* About this exercise:
Only the lines below from the one with "2016 Dodge Caravan - Image 2" through the one with "Indo-Tibetan Black Hand" are to be written out, exactly and without any images.

* Supplied entries:
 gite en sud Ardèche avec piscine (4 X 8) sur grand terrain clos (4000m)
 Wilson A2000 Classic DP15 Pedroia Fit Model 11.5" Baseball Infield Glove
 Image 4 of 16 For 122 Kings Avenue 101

--

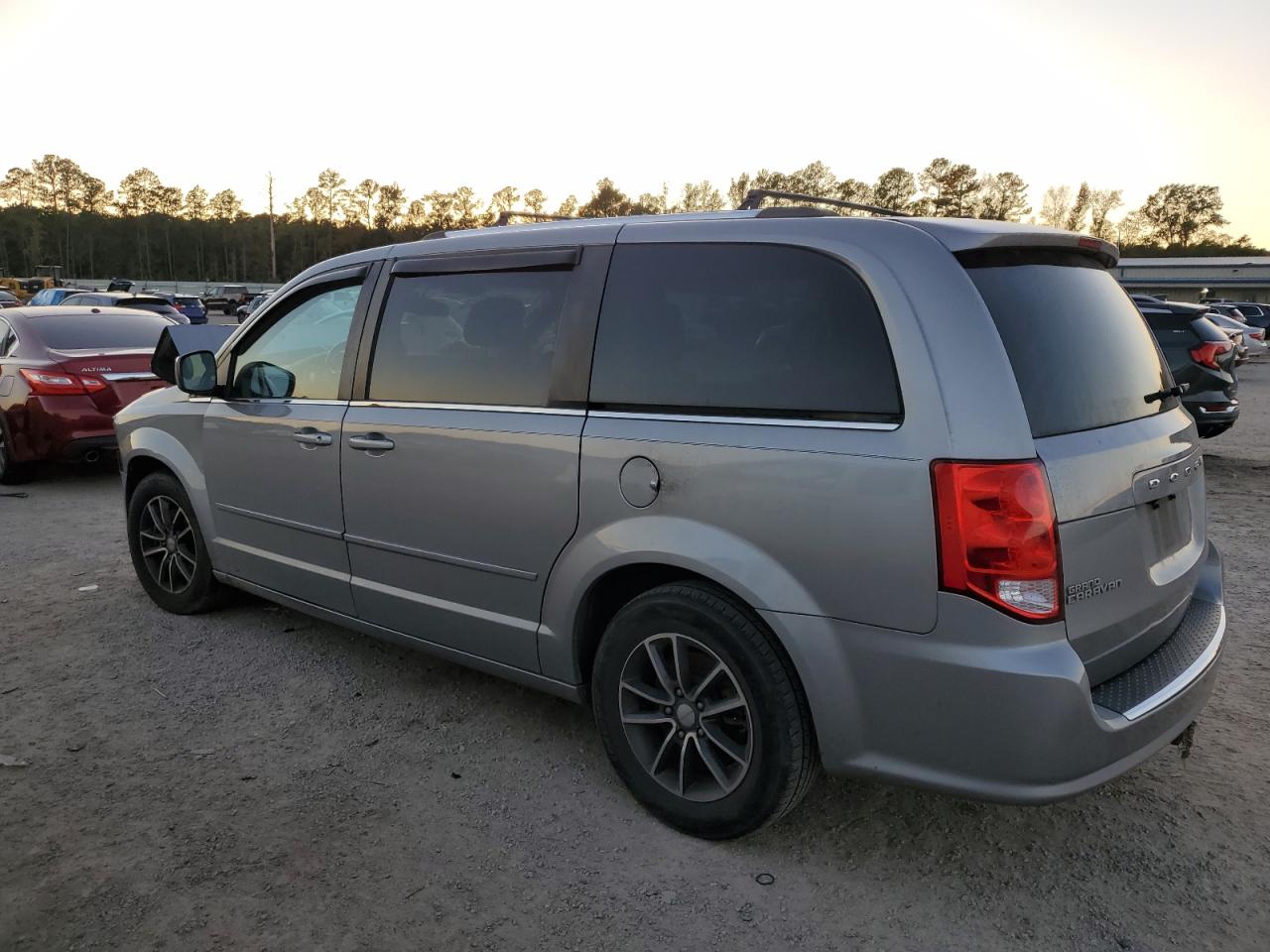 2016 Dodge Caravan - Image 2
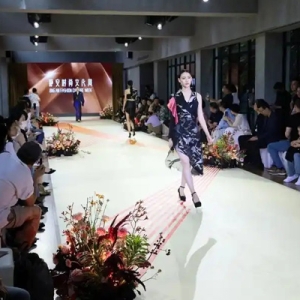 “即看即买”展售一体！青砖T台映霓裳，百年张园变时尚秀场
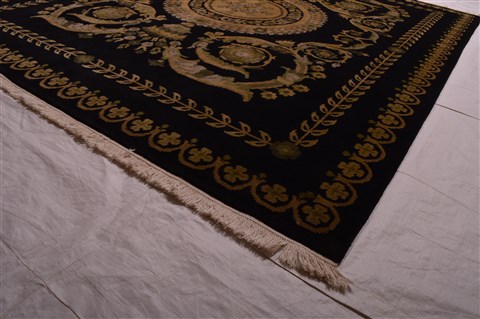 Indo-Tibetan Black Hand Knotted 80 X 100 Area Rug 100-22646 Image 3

* Response to this exercise:
 2016 Dodge Caravan - Image 2
 “即看即买”展售一体！青砖T台映霓裳，百年张园变时尚秀场
 Indo-Tibetan Black Hand Knotted 80 X 100 Area Rug 100-22646 Image 3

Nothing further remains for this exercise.